Unos metros más adelante, Ahmed, dueño de un restaurante, cuenta sus impresiones de un barrio que conoce después de 37 años viviendo en él. Relata con angustia cómo le presionan para que se vaya: «He puesto 18 denuncias y he mandado tres escritos a la Subdelegación. Me han quemado el bar, hecho pintadas, sacado una navaja, y tengo hasta órdenes de alejamiento».
Relata que un amigo suyo, «un americano» que fleta petroleros desde el mismo Sacromonte quiere irse porque entraron a robar en su casa. Por eso pide «seguridad de verdad», con «policía secreta». «Si Málaga o Sevilla tuvieran un barrio turístico como este, no dejarían que estuviera así. Aquí vienen a comprar casas muchos extranjeros de alto poder adquisitivo que luego se arrepienten», dice indignado.

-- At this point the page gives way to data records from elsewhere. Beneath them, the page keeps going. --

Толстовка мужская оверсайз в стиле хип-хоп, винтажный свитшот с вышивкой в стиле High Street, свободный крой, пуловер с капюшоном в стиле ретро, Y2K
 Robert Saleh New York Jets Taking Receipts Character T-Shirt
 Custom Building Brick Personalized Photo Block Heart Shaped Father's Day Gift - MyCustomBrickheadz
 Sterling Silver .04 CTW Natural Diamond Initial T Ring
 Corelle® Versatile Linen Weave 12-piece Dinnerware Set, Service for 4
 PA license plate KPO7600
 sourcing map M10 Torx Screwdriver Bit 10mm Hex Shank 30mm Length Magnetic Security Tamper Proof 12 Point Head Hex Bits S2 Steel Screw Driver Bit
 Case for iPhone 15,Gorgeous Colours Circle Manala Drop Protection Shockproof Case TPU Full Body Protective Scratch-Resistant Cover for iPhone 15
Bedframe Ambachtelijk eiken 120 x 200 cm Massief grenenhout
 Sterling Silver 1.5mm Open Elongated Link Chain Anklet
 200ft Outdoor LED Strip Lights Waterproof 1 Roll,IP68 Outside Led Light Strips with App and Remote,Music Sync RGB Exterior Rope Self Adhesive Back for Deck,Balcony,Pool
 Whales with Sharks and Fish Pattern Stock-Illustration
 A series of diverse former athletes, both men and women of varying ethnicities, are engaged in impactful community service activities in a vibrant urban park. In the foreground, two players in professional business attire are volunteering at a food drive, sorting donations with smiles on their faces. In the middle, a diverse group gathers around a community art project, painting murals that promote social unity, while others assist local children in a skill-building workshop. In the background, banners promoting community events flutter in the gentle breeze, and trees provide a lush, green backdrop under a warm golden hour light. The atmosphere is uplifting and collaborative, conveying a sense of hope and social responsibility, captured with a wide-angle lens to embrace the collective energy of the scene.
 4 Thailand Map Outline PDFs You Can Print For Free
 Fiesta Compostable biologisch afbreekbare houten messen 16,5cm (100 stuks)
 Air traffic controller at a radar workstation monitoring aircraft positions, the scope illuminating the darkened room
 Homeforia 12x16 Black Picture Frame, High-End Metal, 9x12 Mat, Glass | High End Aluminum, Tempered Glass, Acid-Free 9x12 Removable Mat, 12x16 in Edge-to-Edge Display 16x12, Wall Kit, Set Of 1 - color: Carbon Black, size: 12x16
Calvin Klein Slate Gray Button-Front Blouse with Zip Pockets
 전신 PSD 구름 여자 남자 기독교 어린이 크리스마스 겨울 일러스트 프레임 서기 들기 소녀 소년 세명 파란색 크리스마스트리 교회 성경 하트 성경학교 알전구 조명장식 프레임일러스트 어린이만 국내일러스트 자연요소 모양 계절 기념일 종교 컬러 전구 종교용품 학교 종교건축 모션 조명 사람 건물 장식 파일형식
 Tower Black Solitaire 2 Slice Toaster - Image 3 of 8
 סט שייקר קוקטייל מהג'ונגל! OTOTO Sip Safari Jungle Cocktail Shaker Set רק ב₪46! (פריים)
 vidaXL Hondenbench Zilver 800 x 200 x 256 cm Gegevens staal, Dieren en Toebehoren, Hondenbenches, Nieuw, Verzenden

Mientras tanto, El Fargue y Haza Grande viven completamente ajenos a la vida del distrito al que pertenecen. En el punto más alto de la capital, Consuelo (73), Ana (77) y Lourdes (80) no pedirían nada especial a un candidato a la Alcaldía. Quizás «aparatos de gimnasia para mayores«, ya que en la parte alta de la barriada no han puesto ninguno y obligan a estas ancianas a caminar kilómetro y medio.
También más frecuencias de autobús los fines de semana. No les afectan los cortes de luz que, como en la zona Norte, se producen también en Haza Grande. «Bueno, alguna vez sí se ha ido rato», dice una de estas señoras, que también cuenta ha repuntado «algo» el «tema de la droga», aunque no sienten inseguridad.
Por la Cuesta Alhacaba se derrama el Albaicín. Es como si se pintara un degradado. El barrio se pierde hasta que el empedrado se alisa en asfalto. Arriba queda una esencia social que cuidar.